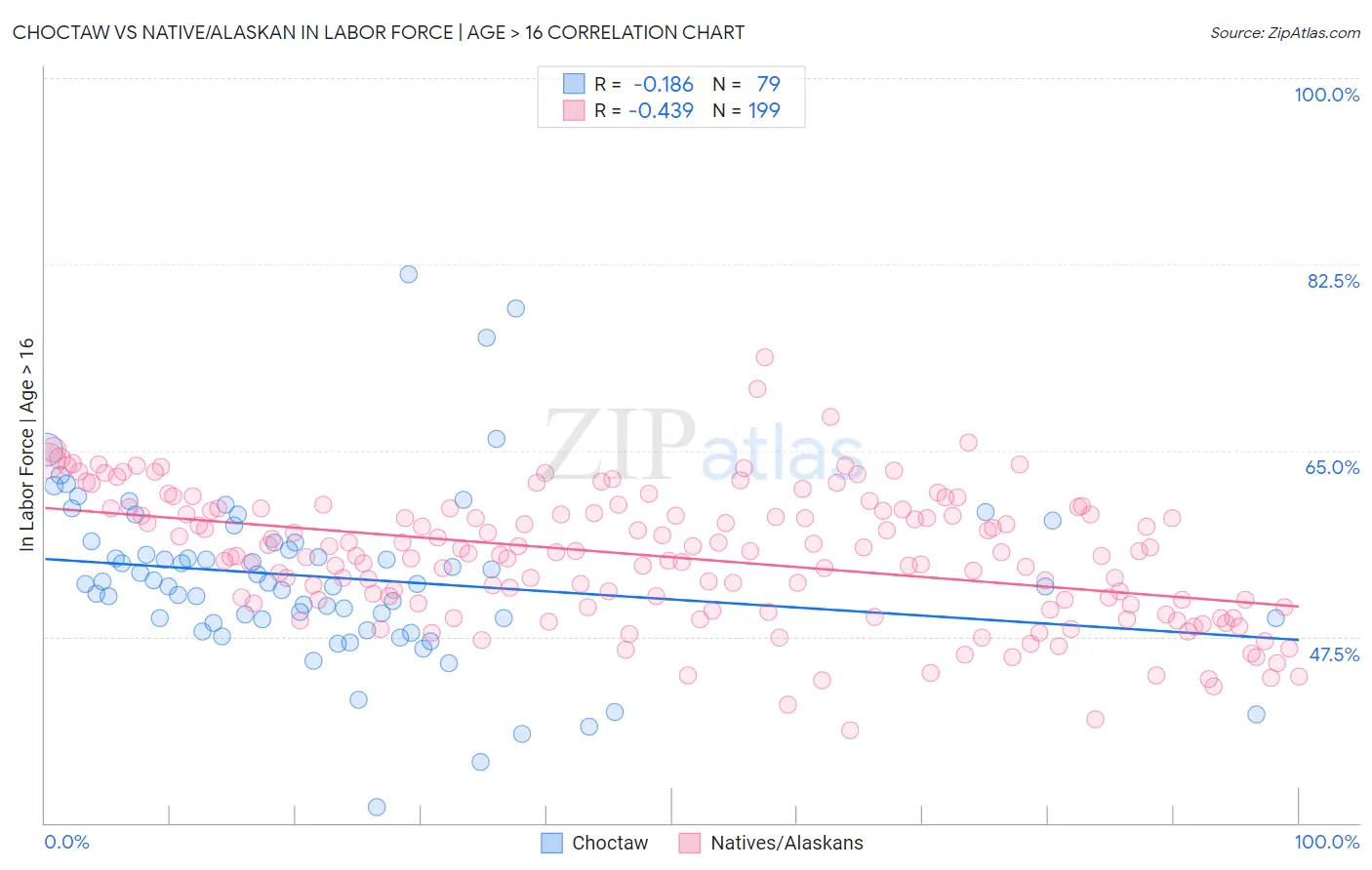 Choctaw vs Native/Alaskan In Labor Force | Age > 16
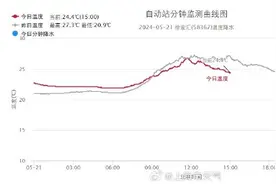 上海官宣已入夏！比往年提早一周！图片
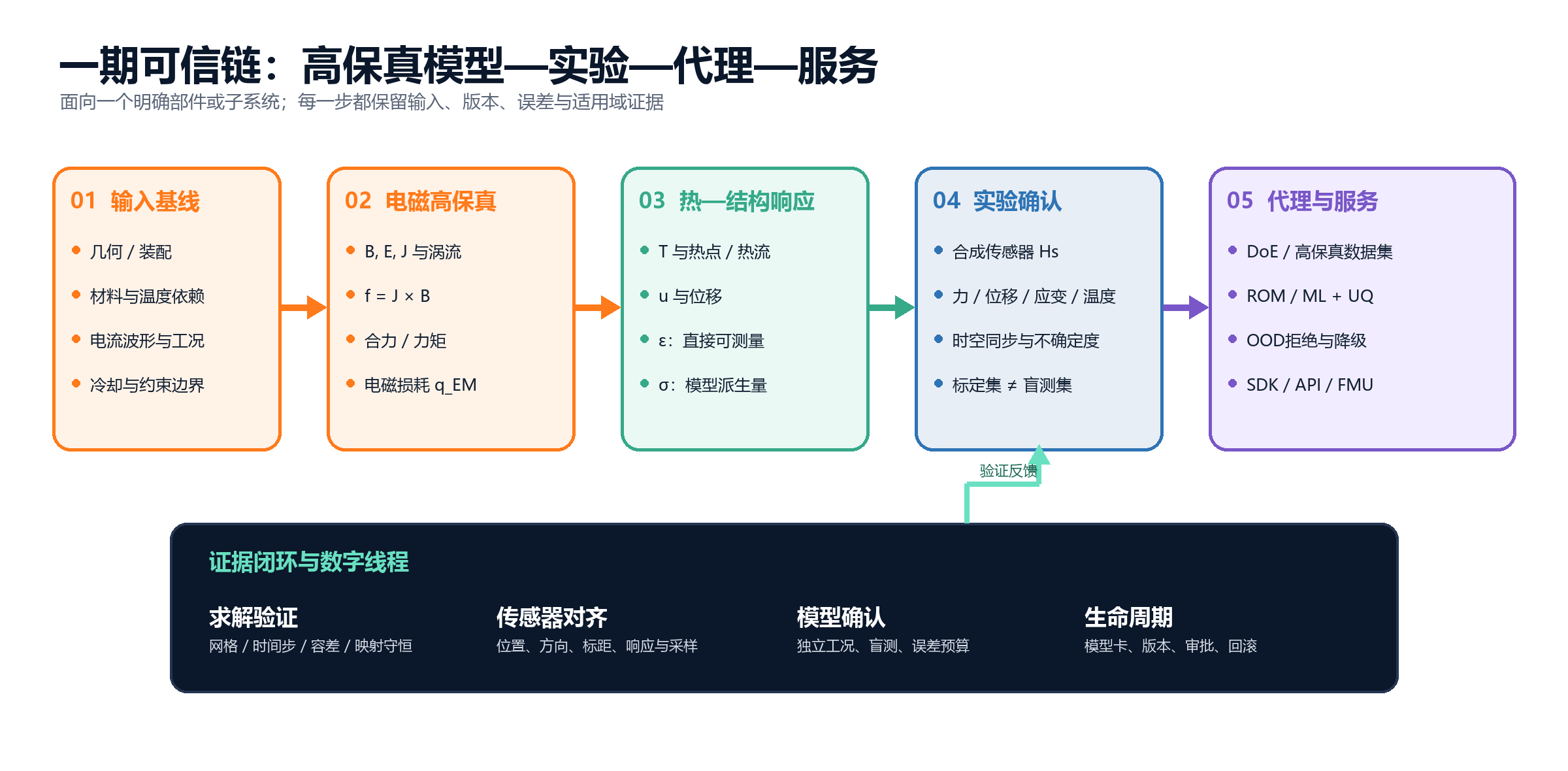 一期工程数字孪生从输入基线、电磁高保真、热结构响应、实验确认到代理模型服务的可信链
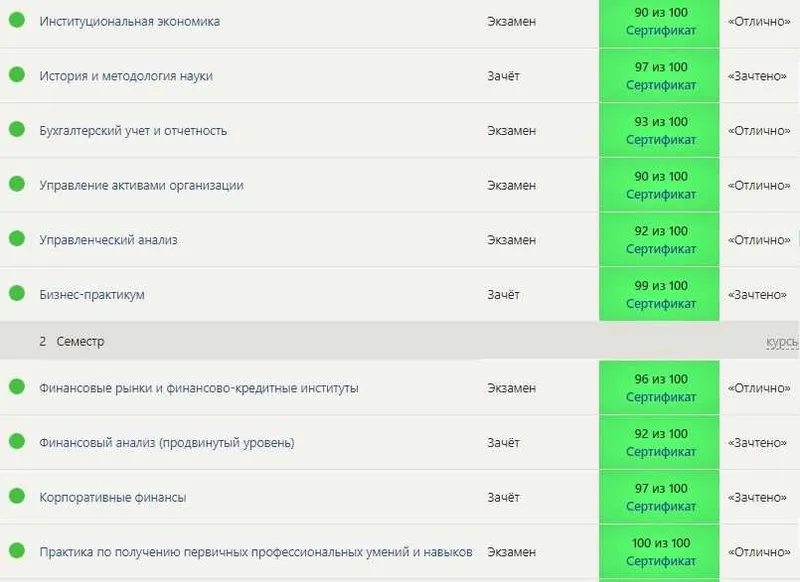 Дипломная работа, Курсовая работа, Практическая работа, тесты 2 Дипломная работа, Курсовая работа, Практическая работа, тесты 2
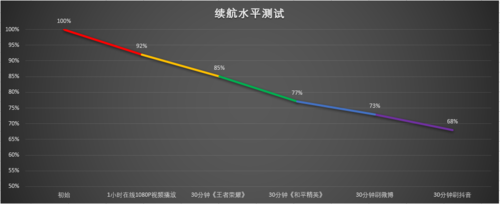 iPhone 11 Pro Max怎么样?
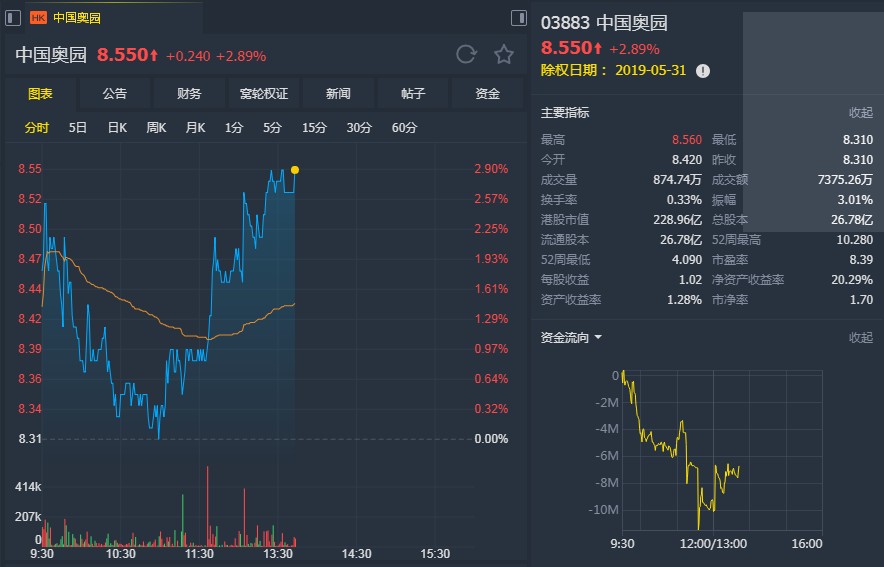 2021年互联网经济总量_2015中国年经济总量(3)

--------

## Problem
Output all the data, exactly, without images.

## Task result
 Choctaw vs Native/Alaskan In Labor Force | Age > 16
 上海官宣已入夏！比往年提早一周！图片
 一期工程数字孪生从输入基线、电磁高保真、热结构响应、实验确认到代理模型服务的可信链
 Дипломная работа, Курсовая работа, Практическая работа, тесты 2 Дипломная работа, Курсовая работа, Практическая работа, тесты 2
 iPhone 11 Pro Max怎么样?
 2021年互联网经济总量_2015中国年经济总量(3)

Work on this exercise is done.